■ PROBLEM TO SOLVE: Exactly as they stand, give the records below again, with no images.

■ Recorded data:
____

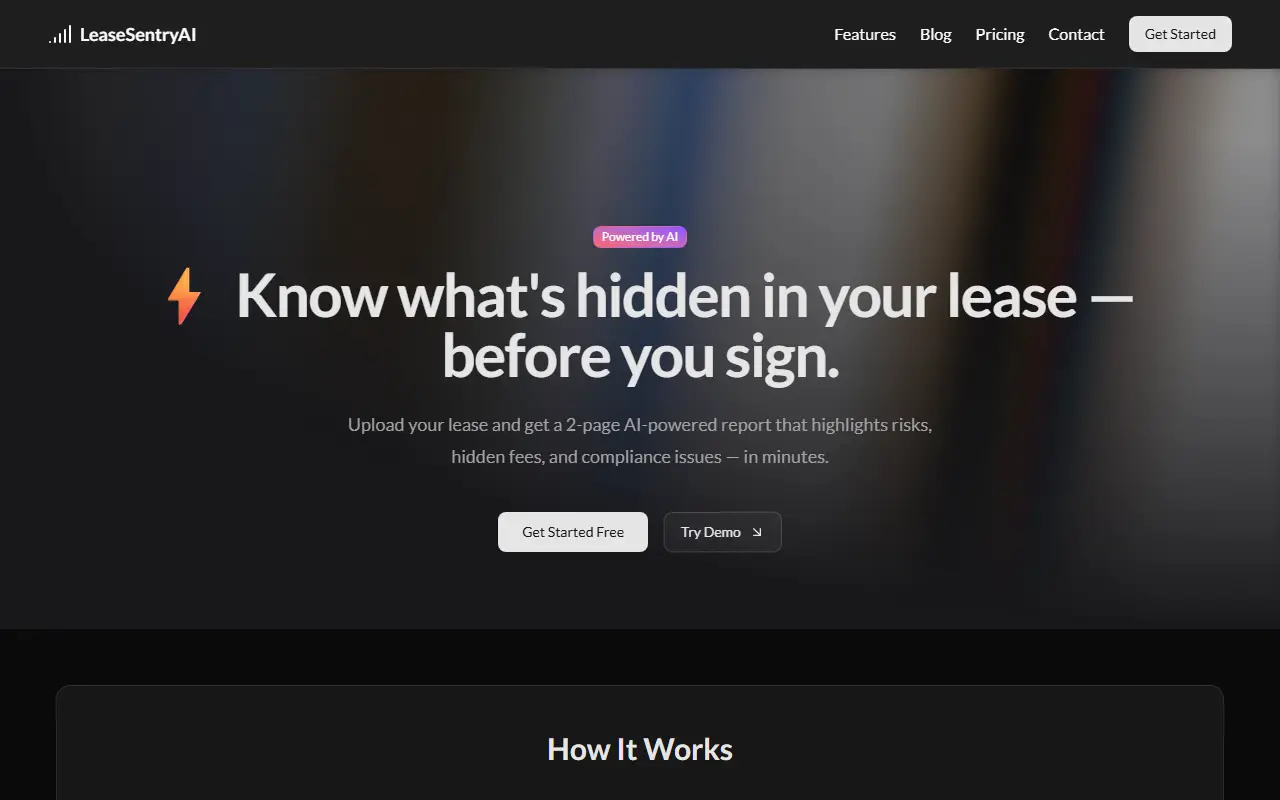 Lease Sentry AI homepage screenshot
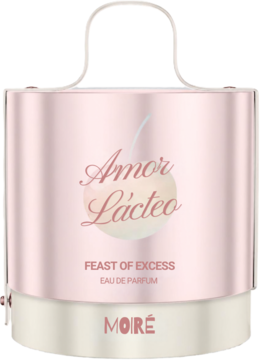 Amor Lácteo woda perfumowana, różowo-kremowe opakowanie z motywem wiśni i uchwytem, widok z przodu.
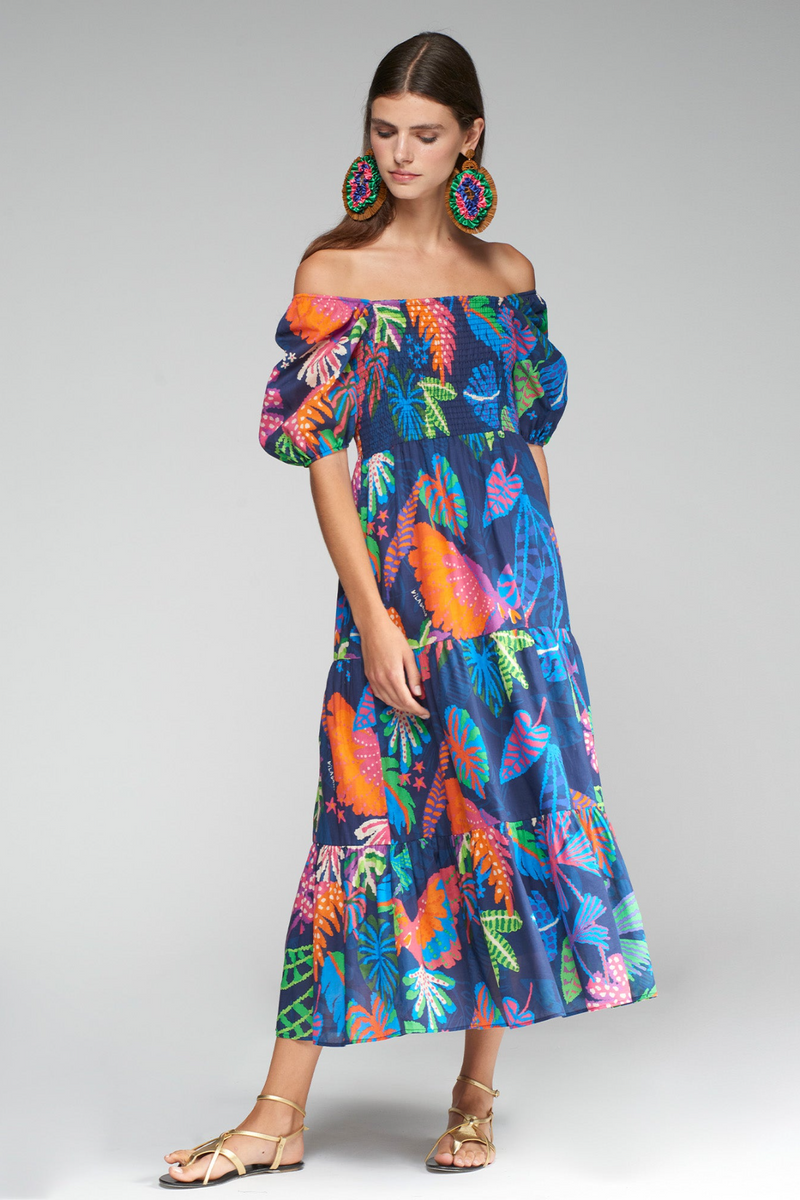 Light Gray Tora Dress in Jungla Print Midi Dress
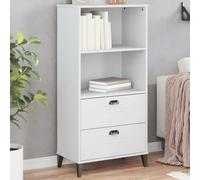 FUDUGEHMIOFWFJJ VIKEN Bianca Industrial Style Bookshelf 60x35x123 cm - Modern Multilayer Wood Bookcase with 2 Drawers Open Compartments for Living Room & Office Storage Decor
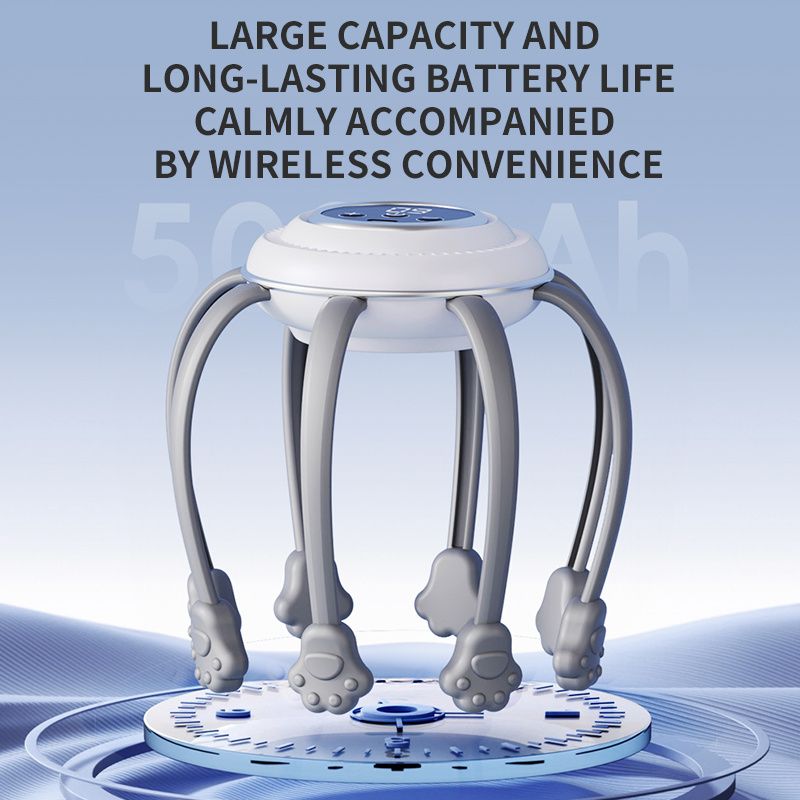Wireless Octopus Head Massager with USB Charging – Ergonomic Scalp Relaxation Device for Home, Office, and Travel Use (Black)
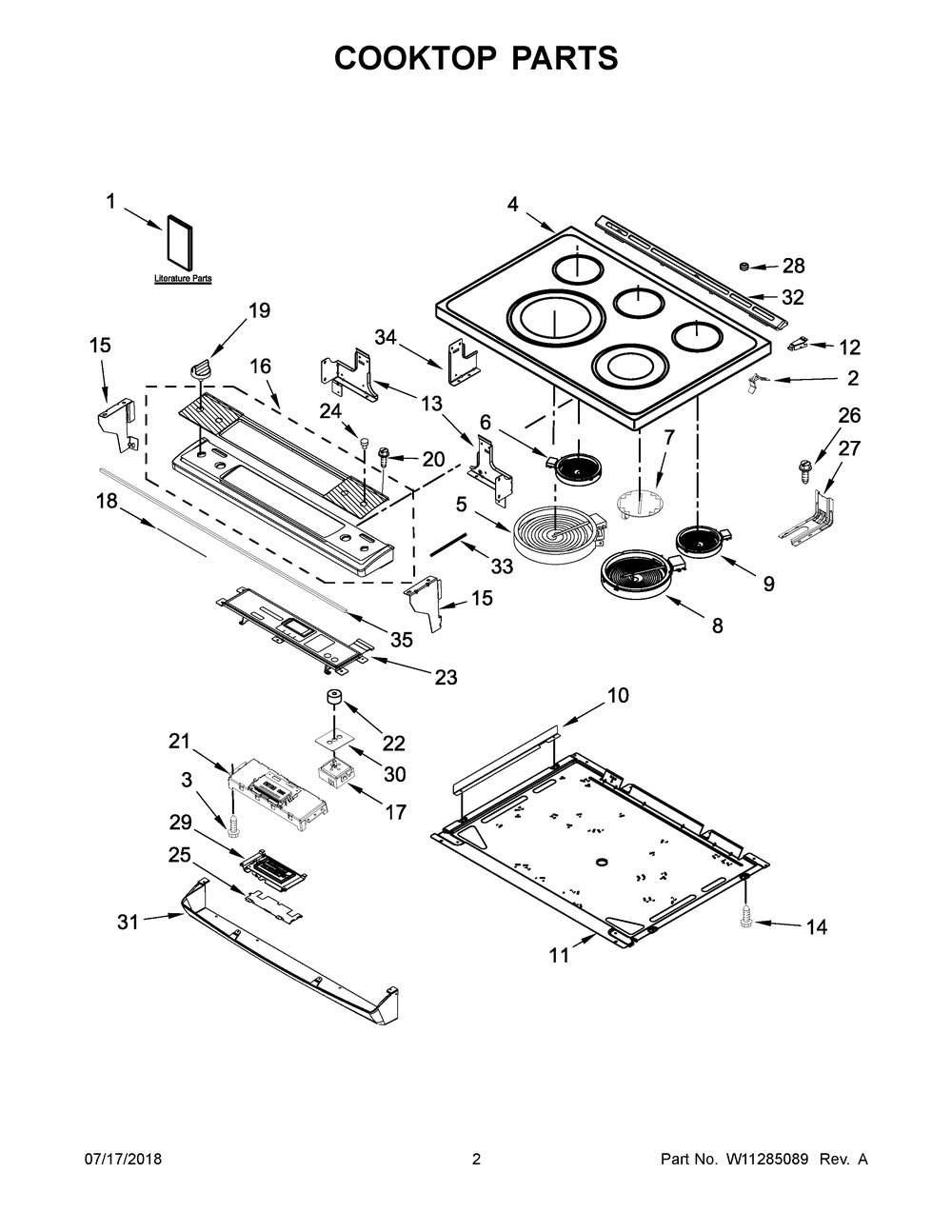 Cooktop Parts Diagram and Parts List for WEE745H0FE2  Whirlpool Range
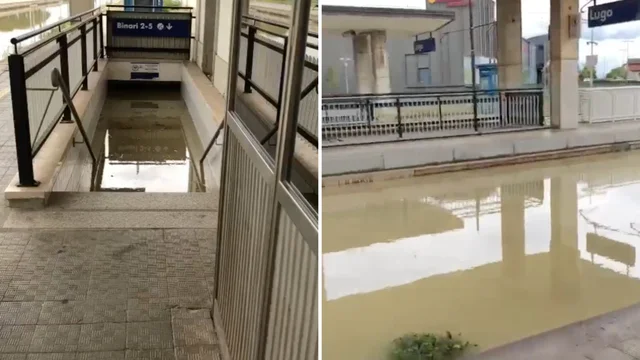 Emilia-Romagna, i binari della stazione e il sottopasso completamente allagati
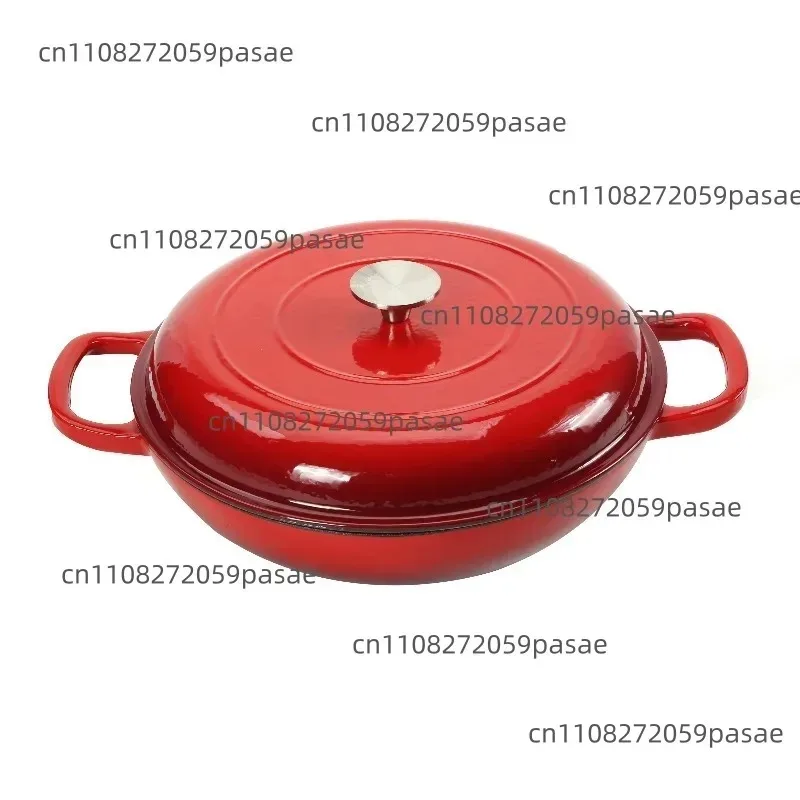 12 Inch 30cm Round Pot Cast Iron Enamel Shallow Casserole Dutch Oven with Loop Side Handles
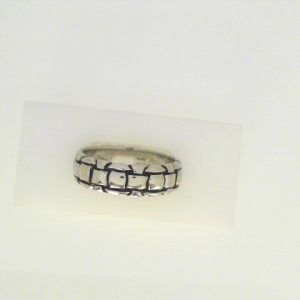 White Cobalt Polished Band Ring 
Size: 10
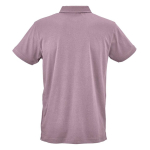 Polo de algodón orgánico unisex de manga corta 160g/m² Ipanema color lila vista trasera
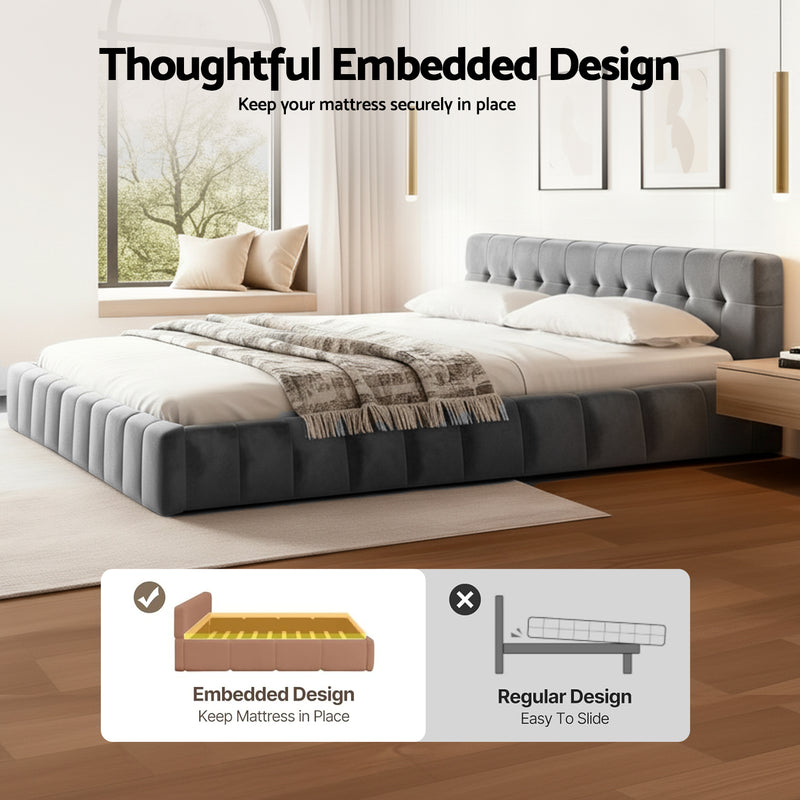 Haven King Velvet Bed Frame - Grey with tufted velvet upholstery and embedded design to keep mattress securely in place in bedroom setting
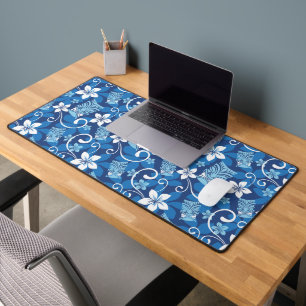 LUAU TIKI PATTERN (BRIGHT BLUE) DESK MAT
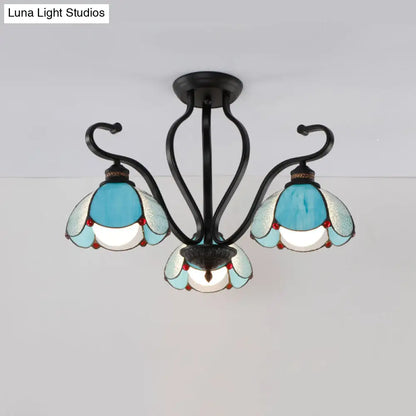 DecorBites™ Handcrafted Tiffany Glass Chandelier for Living Room Ceiling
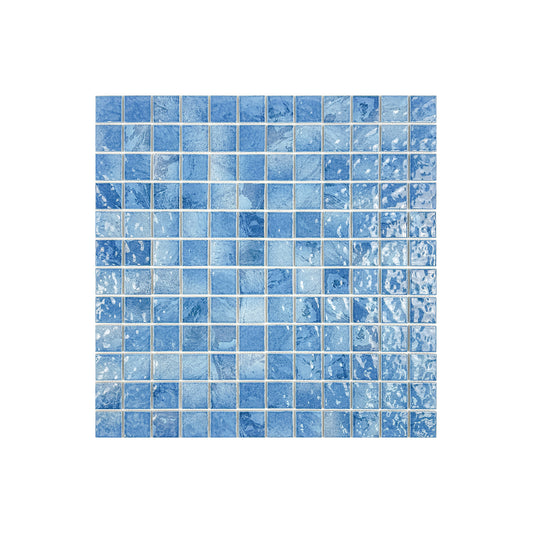 Serene Wave Series  Sapphire Blue & Baby Blue Mixed marble design Porcelain Mosaic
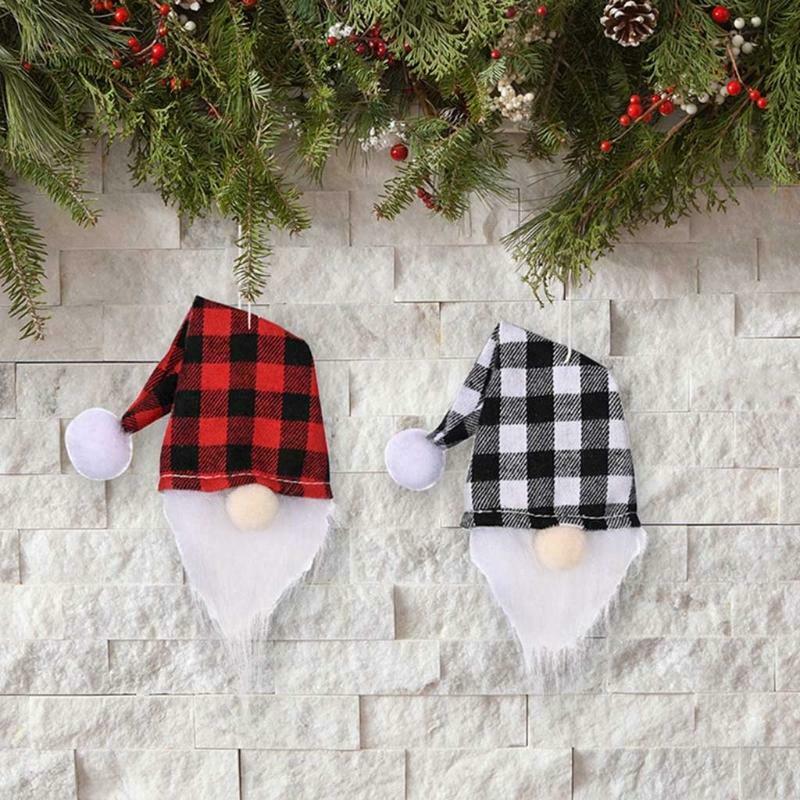 4 Pcs Plaid Hat Gnome Head Christmas Wine Bottle Cover Xmas Decor Wine Bottle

____

■ FINISHED EXERCISE:
 Lease Sentry AI homepage screenshot
 Amor Lácteo woda perfumowana, różowo-kremowe opakowanie z motywem wiśni i uchwytem, widok z przodu.
 Light Gray Tora Dress in Jungla Print Midi Dress
 FUDUGEHMIOFWFJJ VIKEN Bianca Industrial Style Bookshelf 60x35x123 cm - Modern Multilayer Wood Bookcase with 2 Drawers Open Compartments for Living Room & Office Storage Decor
Wireless Octopus Head Massager with USB Charging – Ergonomic Scalp Relaxation Device for Home, Office, and Travel Use (Black)
 Cooktop Parts Diagram and Parts List for WEE745H0FE2  Whirlpool Range
 Emilia-Romagna, i binari della stazione e il sottopasso completamente allagati
 12 Inch 30cm Round Pot Cast Iron Enamel Shallow Casserole Dutch Oven with Loop Side Handles
 White Cobalt Polished Band Ring 
Size: 10
 Polo de algodón orgánico unisex de manga corta 160g/m² Ipanema color lila vista trasera
 Haven King Velvet Bed Frame - Grey with tufted velvet upholstery and embedded design to keep mattress securely in place in bedroom setting
 LUAU TIKI PATTERN (BRIGHT BLUE) DESK MAT
 DecorBites™ Handcrafted Tiffany Glass Chandelier for Living Room Ceiling
 Serene Wave Series  Sapphire Blue & Baby Blue Mixed marble design Porcelain Mosaic
 4 Pcs Plaid Hat Gnome Head Christmas Wine Bottle Cover Xmas Decor Wine Bottle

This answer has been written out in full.